Deloitte’s research found that about a third of consumers in the 18-54 bracket that is so important to retailers own crypto. Of these, about three quarters would like the option to spend it on physical purchases. So accepting crypto will meet the wishes of about 25 percent of customers in a way that is not being done at present. That’s a significant win from any angle. 

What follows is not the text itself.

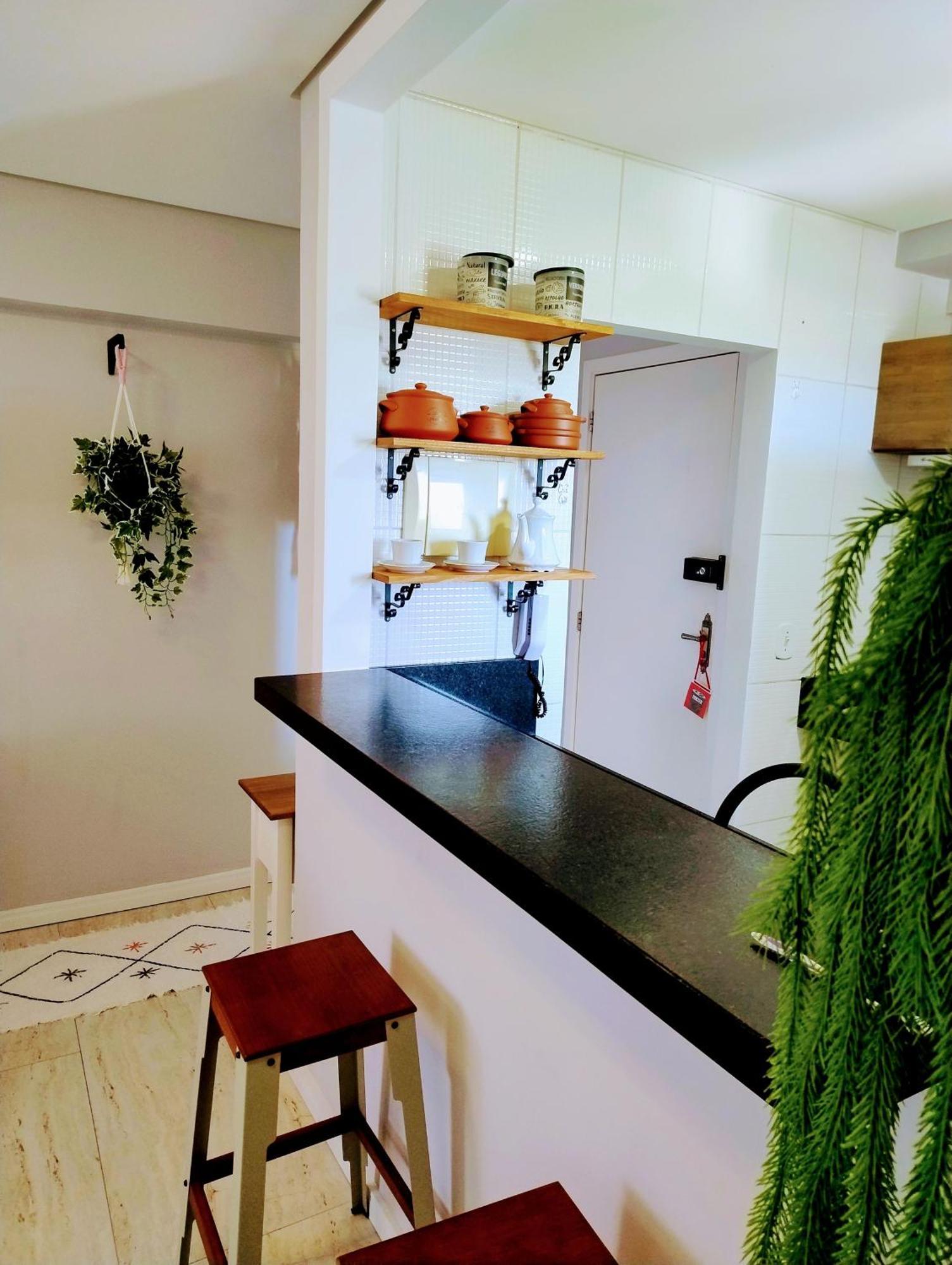 Queen L Ar Cond L Tvs Smart L Wi-Fi L Cozinha Completa L Garagem Maceio  Exterior photo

But it is not just the customers who benefit. Accepting crypto can reduce costs, hassle and fraud risk for businesses, too. Crypto payments are fast, secure and low cost. Businesses are already taking advantage of this in the B2B sphere, especially where international payments are concerned, as using crypto also removes all exchange rate costs and complications. More than a third of multinationals are already using crypto for cross border transactions, and they are saving as much as 75 percent in costs and 96 percent in time according to Synovus

Many of those benefits also apply to B2C ecommerce and even to brick and mortar retail stores. It would tempt fate to say blockchain transactions are hacker-proof, but we can say they are more secure than any other form of transaction. They are also instant and do not incur significant transaction cost. In fact, transactions are usually free or close to free.

How to add crypto to your payment options

Part of the reason that so many retailers are considering adding crypto as a payment option is it is so quick, cheap and easy. It won’t end up costing an arm and a leg like Amex, and if you use a reliable payment gateway like UniPayment, it is zero hassle to set it up for BTC, ETH or USDT payments, and for other cryptocurrencies too. 

Before you start, it is important to understand the crypto regulations in your country or US state. Forbes published a handy guide earlier this year on the topic. In brief, the US is saying a lot at federal level but doing little in terms of firm regulation. The UK is promoting stablecoins with enthusiasm, so USDT payments are a good option here. There is also information on other countries around the world.

Once you are clear on where you stand from a tax and regulatory perspective, you need to choose a payment gateway. A gateway takes care of the actual transaction and can either hold the money in crypto for you or instantly transfer it to your fiat account. Unipayment is a popular choice as it allows merchants plenty of flexibility and has low pay-as-you go fees. 

More pros than cons to crypto

Be under no illusions, there are still downsides to crypto, most notably its volatility. But with a reliable gateway that transfers unpegged cryptocurrencies to fiat and provides the option for stablecoins like USDC or USDT payments, this risk is well mitigated.

We are approaching a watershed, and when the really big retail players like Walmart and Amazon start encouraging crypto transactions, it will become an accepted practice. It makes sense that so many retailers see now as the time to get onboard.